Empezó a tiritar a medida que la adrenalina que había fluido por su cuerpo empezaba a disiparse. El temblor empezó en los tobillos y subió hasta las rodillas hasta invadirla tan rápidamente que hasta sus órganos internos parecían agitarse y temblar. Los dientes le castañeteaban como las canicas rebotando en un suelo de ladrillo. Él seguía echándose agua en el brazo sin mirarla, aunque tenía que estar escuchando el castañeteo de sus dientes. Helada por su reacción, se abrazó a sí misma y apretó los dientes en un intento por detener aquel movimiento y aquel ruido.
– ¿De… de verdad necesitas la vacuna del tétanos? -le preguntó finalmente en voz muy baja. Por qué preguntó esa de entre todas las estupideces que podría haber dicho era algo que se le escapaba.
– No -dijo él brevemente-. Estoy al día con las vacunas.
Ella lo miró fijamente mientras se hundía por tercera vez en el mar de la confusión. No podía estar refiriéndose a vacunas infantiles, como el sarampión o la varicela, y el único tipo de vacunas que se le ocurría eran las vacunas de la rabia para los animales. Nada tenía sentido, estuviese en estado de shock o en un universo paralelo. Ella apostaba por el universo paralelo porque era imposible que él estuviese allí de pie en su cocina. Los límites de la realidad se difuminaban cuando él estaba cerca; su presencia era tan intensa que parecía atraer toda su atención igual que un imán atraía a las cuchillas de afeitar, haciendo que todo lo demás se desdibujase y se desenfocase.
– ¿Va… vacunas? -Parecía una tonta tartamuda pero aún seguía tiritando y era todo lo que podía hacer para controlar sus dientes.
– Para salir del país.
Se sentía como una idiota porque, por supuesto, sabía que hacía muchos de sus «trabajos» fuera del país, y la gente inteligente que va a países del Tercer Mundo se asegura de ponerse las vacunas adecuadas. Entonces volvió a sentirse como una idiota por centrarse en cosas mundanas como si tenía al día o no sus vacunas; pero su realidad había cambiado de forma tan brusca y drástica que no podía asimilarlo todo al mismo tiempo y sólo se sentía capaz de asimilar las cosas más pequeñas.

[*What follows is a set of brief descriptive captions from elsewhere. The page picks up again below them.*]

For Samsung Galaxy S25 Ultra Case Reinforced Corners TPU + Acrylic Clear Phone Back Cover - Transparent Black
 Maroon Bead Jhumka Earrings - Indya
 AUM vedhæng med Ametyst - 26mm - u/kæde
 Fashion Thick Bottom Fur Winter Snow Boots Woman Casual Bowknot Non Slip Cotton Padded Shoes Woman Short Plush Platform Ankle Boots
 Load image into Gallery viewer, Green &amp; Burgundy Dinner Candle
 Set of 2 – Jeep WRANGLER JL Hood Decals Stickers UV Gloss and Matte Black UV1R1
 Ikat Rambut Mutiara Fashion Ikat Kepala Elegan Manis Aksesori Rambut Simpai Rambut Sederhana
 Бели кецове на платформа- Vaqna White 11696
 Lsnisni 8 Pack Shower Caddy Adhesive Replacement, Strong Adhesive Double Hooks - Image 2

Lo miró de arriba abajo perfilando su altura y sus enormes y musculosos hombros. Las mangas cortas de su polo verde oscuro revelaban la fuerza fibrosa de sus brazos, pero no necesitaba verle los músculos para saber lo fuerte que era. Era un hombre pulcro y bien vestido que llevaba la camisa por dentro y un cinturón fino negro rodeando su estilizada cintura. Llevaba pantalones negros con la raya bien marcada y sus zapatos de suela fina estaban limpios, a pesar de haber estado antes bajo la lluvia. Casi con avidez, miró su pelo negro, todavía corto, y la barba incipiente que le oscurecía la barbilla. Absorbió los detalles de su aspecto y al rememorar los recuerdos sintió dolor y alivio al mismo tiempo.